Self-Supervised Image Representation Learning with Geometric Set Consistency
This work addresses the challenge of learning image representations without semantic labels for computer vision researchers, offering an incremental improvement by integrating geometric constraints into existing contrastive methods.
The paper tackles the problem of self-supervised image representation learning by incorporating 3D geometric consistency priors into a contrastive learning framework, resulting in superior performance on downstream tasks like semantic segmentation, object detection, and instance segmentation compared to state-of-the-art methods.

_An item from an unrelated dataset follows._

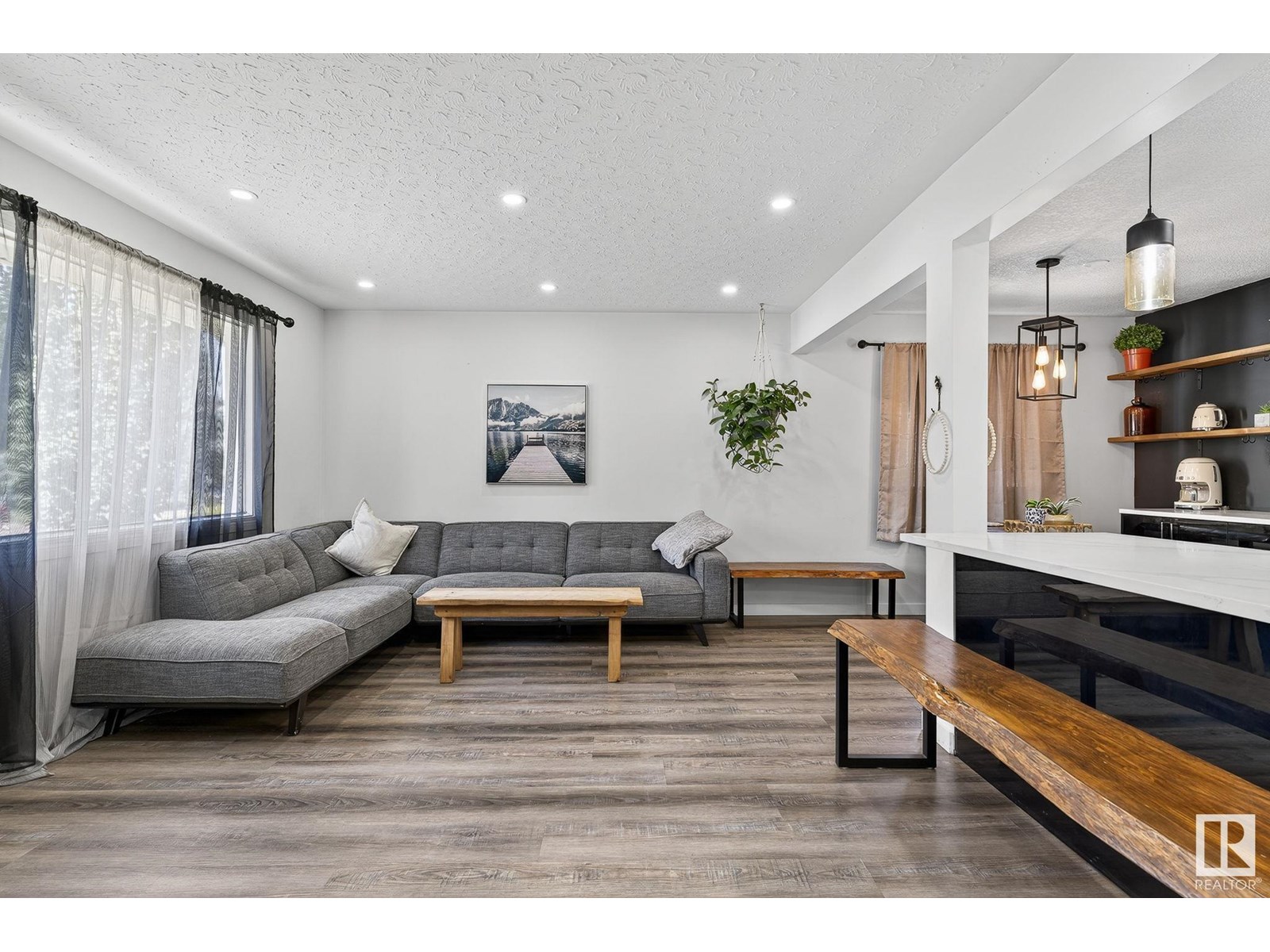 Property at 5216 97A AV NW image 5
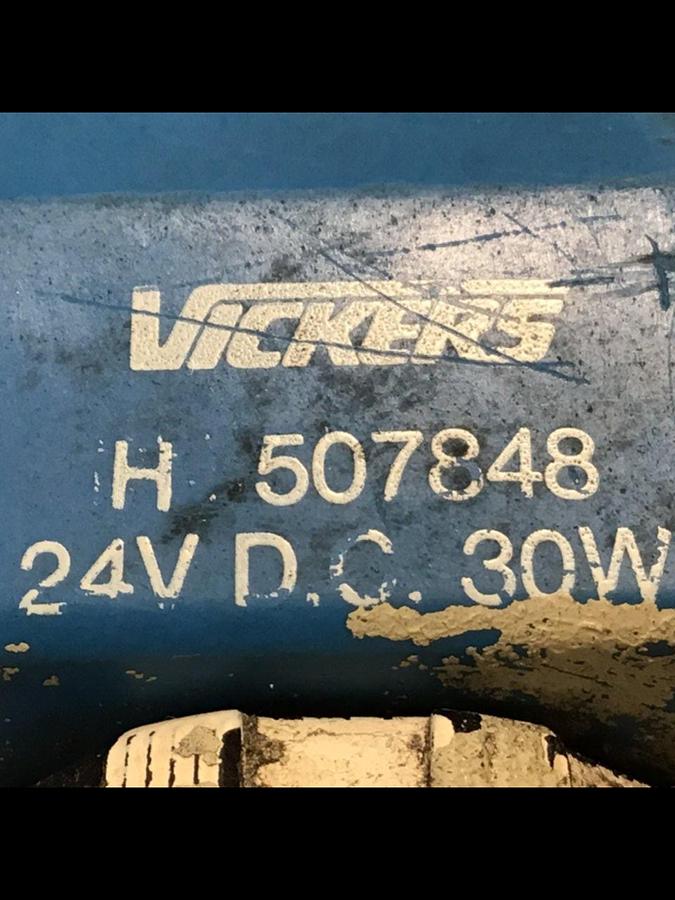 Used VICKERS Directional Valve DG4V-3-6C-M-U-HL7-60 Used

We propose a method for self-supervised image representation learning under the guidance of 3D geometric consistency. Our intuition is that 3D geometric consistency priors such as smooth regions and surface discontinuities may imply consistent semantics or object boundaries, and can act as strong cues to guide the learning of 2D image representations without semantic labels. Specifically, we introduce 3D geometric consistency into a contrastive learning framework to enforce the feature consistency within image views. We propose to use geometric consistency sets as constraints and adapt the InfoNCE loss accordingly. We show that our learned image representations are general. By fine-tuning our pre-trained representations for various 2D image-based downstream tasks, including semantic segmentation, object detection, and instance segmentation on real-world indoor scene datasets, we achieve superior performance compared with state-of-the-art methods.